**What the exercise asks**
For this exercise, repeat the listing below from its first line through the line containing "Glacier Gray Metallic", exactly as written.
________________
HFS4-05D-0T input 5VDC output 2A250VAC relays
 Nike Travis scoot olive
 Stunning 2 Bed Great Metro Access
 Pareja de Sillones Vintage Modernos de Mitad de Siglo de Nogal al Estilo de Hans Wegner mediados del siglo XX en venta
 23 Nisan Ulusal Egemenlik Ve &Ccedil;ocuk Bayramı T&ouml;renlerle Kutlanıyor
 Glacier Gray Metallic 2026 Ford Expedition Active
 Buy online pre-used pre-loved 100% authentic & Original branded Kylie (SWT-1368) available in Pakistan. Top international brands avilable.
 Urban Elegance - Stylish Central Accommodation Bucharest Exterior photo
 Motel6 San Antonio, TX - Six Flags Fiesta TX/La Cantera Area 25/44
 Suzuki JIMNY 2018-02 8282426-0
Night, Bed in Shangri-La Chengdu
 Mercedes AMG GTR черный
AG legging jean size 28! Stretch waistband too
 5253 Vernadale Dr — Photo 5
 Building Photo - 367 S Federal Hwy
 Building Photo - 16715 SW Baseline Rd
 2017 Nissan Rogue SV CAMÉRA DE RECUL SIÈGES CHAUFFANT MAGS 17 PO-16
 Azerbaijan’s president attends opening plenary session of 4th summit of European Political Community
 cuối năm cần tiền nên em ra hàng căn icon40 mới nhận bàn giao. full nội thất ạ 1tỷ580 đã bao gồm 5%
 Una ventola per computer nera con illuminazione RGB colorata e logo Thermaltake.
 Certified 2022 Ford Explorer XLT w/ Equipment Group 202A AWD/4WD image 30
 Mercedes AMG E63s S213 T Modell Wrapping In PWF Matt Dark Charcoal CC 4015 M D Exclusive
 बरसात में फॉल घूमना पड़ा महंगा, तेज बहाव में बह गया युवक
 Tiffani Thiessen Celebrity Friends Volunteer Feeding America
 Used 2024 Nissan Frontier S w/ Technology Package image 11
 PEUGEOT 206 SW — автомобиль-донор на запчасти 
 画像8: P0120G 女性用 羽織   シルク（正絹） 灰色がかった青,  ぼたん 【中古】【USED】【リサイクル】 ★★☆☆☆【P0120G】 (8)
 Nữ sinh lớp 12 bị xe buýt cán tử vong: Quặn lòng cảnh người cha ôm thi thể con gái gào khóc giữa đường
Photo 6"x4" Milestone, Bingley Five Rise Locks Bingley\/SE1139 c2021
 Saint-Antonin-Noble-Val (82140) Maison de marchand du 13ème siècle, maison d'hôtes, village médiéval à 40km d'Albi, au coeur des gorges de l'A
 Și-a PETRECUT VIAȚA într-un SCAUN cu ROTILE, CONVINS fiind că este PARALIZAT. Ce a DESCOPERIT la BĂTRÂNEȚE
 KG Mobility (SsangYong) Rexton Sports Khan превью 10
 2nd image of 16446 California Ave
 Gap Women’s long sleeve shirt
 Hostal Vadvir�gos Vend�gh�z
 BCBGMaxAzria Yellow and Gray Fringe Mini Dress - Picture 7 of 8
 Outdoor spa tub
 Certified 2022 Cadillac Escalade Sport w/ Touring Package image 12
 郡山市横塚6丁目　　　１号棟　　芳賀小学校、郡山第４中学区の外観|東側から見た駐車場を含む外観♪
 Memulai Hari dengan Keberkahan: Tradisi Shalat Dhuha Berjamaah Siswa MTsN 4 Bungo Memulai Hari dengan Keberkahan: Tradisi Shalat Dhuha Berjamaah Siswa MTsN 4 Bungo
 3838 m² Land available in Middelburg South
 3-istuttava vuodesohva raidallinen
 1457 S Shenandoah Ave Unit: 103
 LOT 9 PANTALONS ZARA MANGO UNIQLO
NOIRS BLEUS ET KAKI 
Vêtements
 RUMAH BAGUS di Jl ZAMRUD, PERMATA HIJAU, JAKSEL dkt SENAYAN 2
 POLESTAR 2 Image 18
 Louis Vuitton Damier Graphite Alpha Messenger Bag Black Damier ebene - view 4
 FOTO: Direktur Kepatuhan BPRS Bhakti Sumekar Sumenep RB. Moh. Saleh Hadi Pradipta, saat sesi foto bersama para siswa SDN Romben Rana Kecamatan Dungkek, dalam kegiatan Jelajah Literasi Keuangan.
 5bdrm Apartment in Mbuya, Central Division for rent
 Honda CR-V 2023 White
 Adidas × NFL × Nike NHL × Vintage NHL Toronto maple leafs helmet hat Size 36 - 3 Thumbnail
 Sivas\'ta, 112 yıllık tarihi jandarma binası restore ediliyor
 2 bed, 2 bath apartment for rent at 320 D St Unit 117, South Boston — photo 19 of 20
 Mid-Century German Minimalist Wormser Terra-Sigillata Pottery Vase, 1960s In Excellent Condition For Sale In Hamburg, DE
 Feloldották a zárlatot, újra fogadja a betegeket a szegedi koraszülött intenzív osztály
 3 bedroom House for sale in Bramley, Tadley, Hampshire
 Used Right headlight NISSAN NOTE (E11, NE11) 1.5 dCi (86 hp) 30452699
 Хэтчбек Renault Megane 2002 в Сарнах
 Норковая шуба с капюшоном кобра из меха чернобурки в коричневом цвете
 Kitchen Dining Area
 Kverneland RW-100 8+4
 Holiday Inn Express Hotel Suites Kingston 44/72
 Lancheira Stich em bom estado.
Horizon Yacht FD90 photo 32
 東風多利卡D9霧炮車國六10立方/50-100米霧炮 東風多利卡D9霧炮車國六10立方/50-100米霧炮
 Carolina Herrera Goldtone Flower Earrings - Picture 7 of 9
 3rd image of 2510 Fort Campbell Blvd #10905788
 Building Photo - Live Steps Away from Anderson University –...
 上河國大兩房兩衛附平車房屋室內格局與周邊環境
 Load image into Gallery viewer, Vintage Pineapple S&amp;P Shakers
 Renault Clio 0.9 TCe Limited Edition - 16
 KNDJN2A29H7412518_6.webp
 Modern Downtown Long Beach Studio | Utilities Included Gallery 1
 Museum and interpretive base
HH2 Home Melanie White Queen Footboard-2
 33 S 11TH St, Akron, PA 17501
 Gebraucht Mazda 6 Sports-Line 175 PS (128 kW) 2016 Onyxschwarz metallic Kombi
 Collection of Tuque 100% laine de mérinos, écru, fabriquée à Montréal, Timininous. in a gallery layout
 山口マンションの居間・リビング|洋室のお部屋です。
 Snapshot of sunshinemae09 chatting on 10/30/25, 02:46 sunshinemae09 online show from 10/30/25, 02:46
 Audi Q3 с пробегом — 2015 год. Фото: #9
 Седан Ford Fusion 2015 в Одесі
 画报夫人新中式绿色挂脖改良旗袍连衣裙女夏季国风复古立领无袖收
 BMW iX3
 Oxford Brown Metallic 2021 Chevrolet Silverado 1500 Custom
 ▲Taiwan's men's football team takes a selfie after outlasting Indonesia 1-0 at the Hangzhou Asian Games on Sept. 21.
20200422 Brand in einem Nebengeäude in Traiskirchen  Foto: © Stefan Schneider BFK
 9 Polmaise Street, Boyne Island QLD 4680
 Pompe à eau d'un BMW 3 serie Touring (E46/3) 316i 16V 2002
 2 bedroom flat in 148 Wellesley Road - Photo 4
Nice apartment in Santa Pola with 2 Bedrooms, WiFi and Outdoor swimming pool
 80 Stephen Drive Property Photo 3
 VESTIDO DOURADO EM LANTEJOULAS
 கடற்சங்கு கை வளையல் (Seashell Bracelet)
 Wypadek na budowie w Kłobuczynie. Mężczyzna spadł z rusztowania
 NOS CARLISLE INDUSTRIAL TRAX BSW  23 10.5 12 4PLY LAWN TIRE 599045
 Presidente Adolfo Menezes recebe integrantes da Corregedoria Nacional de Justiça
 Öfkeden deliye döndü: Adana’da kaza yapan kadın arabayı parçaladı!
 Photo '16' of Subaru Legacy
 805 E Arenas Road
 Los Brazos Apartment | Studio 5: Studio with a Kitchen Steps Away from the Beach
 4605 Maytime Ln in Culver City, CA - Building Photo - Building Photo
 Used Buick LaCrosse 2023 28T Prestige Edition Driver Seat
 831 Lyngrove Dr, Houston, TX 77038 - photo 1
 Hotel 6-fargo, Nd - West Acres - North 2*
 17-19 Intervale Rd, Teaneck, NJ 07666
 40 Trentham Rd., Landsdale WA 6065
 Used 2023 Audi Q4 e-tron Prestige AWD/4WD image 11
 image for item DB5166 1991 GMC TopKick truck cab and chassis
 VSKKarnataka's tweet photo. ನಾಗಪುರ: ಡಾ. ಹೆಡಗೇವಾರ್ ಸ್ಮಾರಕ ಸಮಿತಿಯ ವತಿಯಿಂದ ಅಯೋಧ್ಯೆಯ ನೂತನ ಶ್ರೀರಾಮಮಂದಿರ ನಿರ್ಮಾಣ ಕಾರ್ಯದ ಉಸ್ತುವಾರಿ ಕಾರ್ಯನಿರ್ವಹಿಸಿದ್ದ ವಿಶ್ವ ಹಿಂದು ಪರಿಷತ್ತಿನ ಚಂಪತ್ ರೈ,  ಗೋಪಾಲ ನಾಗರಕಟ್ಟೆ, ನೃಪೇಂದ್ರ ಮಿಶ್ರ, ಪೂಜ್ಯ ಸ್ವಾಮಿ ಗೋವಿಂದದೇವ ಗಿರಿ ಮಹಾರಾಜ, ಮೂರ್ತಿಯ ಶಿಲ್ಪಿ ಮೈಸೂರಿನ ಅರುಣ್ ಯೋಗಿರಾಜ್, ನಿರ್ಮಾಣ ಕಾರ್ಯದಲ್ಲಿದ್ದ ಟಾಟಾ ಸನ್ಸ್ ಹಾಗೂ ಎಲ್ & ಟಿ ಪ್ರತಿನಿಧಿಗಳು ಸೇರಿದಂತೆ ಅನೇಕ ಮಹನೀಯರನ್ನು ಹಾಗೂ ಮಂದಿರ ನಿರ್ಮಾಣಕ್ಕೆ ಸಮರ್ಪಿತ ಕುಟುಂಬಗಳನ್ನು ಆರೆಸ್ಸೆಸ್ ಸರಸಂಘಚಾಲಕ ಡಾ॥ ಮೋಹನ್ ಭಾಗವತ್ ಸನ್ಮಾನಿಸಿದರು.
________________
**Response below**
HFS4-05D-0T input 5VDC output 2A250VAC relays
 Nike Travis scoot olive
 Stunning 2 Bed Great Metro Access
 Pareja de Sillones Vintage Modernos de Mitad de Siglo de Nogal al Estilo de Hans Wegner mediados del siglo XX en venta
 23 Nisan Ulusal Egemenlik Ve &Ccedil;ocuk Bayramı T&ouml;renlerle Kutlanıyor
 Glacier Gray Metallic 2026 Ford Expedition Active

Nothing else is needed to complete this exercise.